Word-for-word transcription: reproduce all of the data, but not the pictures.

[Supplied information]:
################
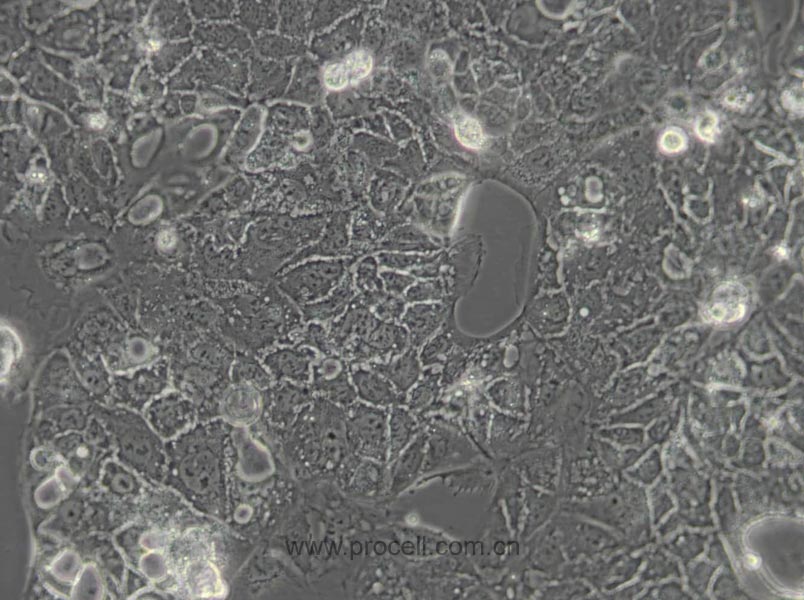Caco-2 (人結(jié)直腸腺癌細(xì)胞) (STR鑒定正確)
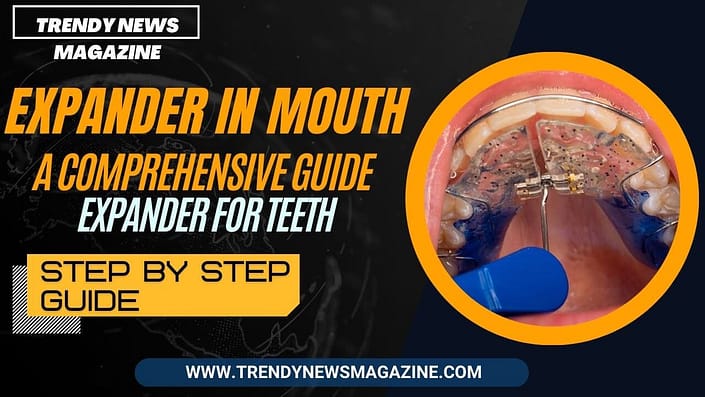 Expander in Mouth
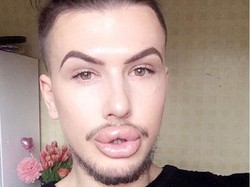 Habiskan Rp 201 Juta, Ini Nasib Pria yang Kebanyakan Filler Bibir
################
[Written answer]:
Caco-2 (人結(jié)直腸腺癌細(xì)胞) (STR鑒定正確)
 Expander in Mouth
 Habiskan Rp 201 Juta, Ini Nasib Pria yang Kebanyakan Filler Bibir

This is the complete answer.